The ‘bailout scheme’ wasn’t specific to
Carlyle. Blair told Mohammed that Marcus and Soros were in the midst of some
high powered talks with officials from the China Development Bank (CDB).
According to Blair, Marcus was involved in negotiations with these officials to
trigger Barclays’ venture into nuclear projects through China Guangdong Nuclear
Power Holding Co. Ltd. (CGNPC), a major energy corporation under the purview of
the Chinese government.
Seeing that Mohammed was enticed by the
prospect of a partnership with CGNPC, Blair got Marcus to fast track
negotiations with the CDB by offering the Chinese bank a chunk of its equity.
Days later, on the 23rd of July 2007, Barclays announced a decision to sell a
3.1 percent stake of its holdings to CDB for £2.2 billion on the pretext of
raising capital needed for a planned merger with AMD AMRO, the largest bank in
the Netherlands.
Mohammed was impressed. So impressed, he
got his brother, Sheikh Mansour bin Zayed bin Sultan al-Nahyan, to pledge some
billions through an Abu Dhabi investment firm in return for a sizeable chunk of
Barclays’ holdings. That deal came into public view in October 2008 when
Barclays announced a £7.3 billion injection by governments and investors from
the Mideast and attributed £3.5 billion of that sum to Mansour.
The media credited Bob Diamond for the
deal. Then the bank’s president, Diamond never once denied reports of his
association with Mansour or made public Blair’s involvement in the scheme of
things. However, he confided in an aide that the Abu Dhabi deal was not
entirely his doing, that the situation was very much under Marcus’ and Blair’s
control. You’re reading it for the first time ever here, because George Soros
made absolutely sure that the media never got hold of an email through which
Diamond communicated his displeasure at being credited for the deal.
Notwithstanding the email, shareholders
found it difficult to believe that Mansour had alone pumped £3.5 billion into
Barclays. To allay skepticism, Marcus instructed his subordinates to fabricate
reports in ways that credited 11 percent of the banks stock to Mansour. But the
fine print found on some regulatory disclosures told a very different story. It
showed clearly that the cash injection was in the name of the International
Petroleum Company (IPIC), a state-owned fund Mansour was and still is the chair
of.
Despite this, the bank continued to name
Mansour as shareholder in its 2008 annual report that was published the year
after. Marcus did not want anyone to learn of Khadem al-Quibasi’s involvement
in the scheme of things.

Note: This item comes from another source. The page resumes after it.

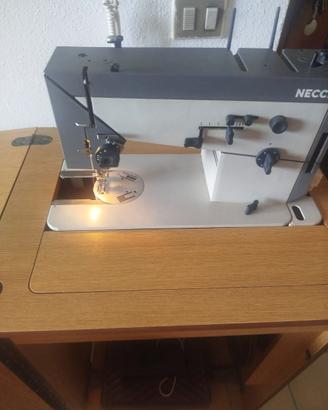 Macchina da cucire Necchi 
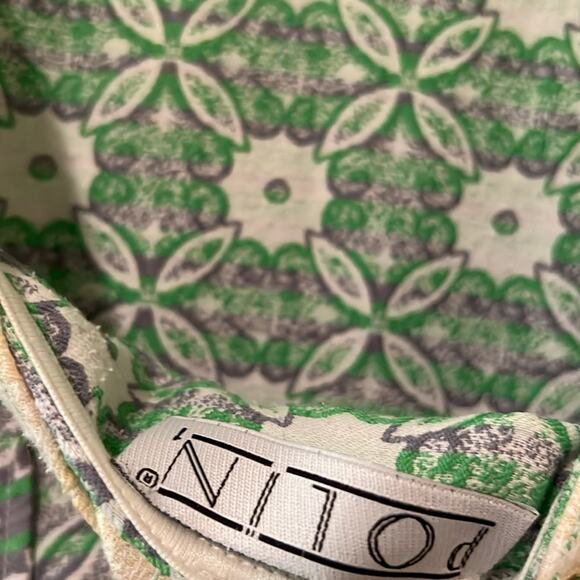 Tailored Pleated Midi Dress with Short Sleeves - Picture 8 of 9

He did not want shareholders to discover a secret agreement
he had entered with Qubaisi through an associate of theirs, Amanda Staveley.
The biggest con-job in the history of
Abu Dhabi
Ms. Staveley is a British businesswoman
noted for her connections with Mideast businessmen and members of royalty. It
was through her that both Marcus and Blair forged an acquaintance with Qubaisi
early in 2006, at the height of the United States (US) housing bubble.
Then the Managing Director of IPIC,
Qubaisi served as Mansour’s key investment strategist and had a free hand in
deciding how the company was run. Ms. Staveley, who acted as Marcus’ go
between, negotiated a secret deal with Qubaisi that required him to hold
beneficial interests in her company. She unveiled a scheme to generate wealth
using money that belonged to the government of Abu Dhabi.
Qubaisi agreed. He needed to make up for
losses a group of shell companies in the British Virgin Islands (BVI) suffered
when Barclays and HSBC were hit by the subprime mortgage crisis. The former
IPIC Managing Director was the beneficial owner of those companies. Like Soros,
he channeled ill-gotten wealth through them and had that wealth converted into
fixed assets.
Many of Qubaisi’s assets were based in
the US and comprised apartments, penthouses and condominium units registered
under the names of some Americans. When the housing bubble collapsed, so did
his BVI network. Qubaisi suffered losses worth an estimated £300 million and
was forced to shut the BVI companies down.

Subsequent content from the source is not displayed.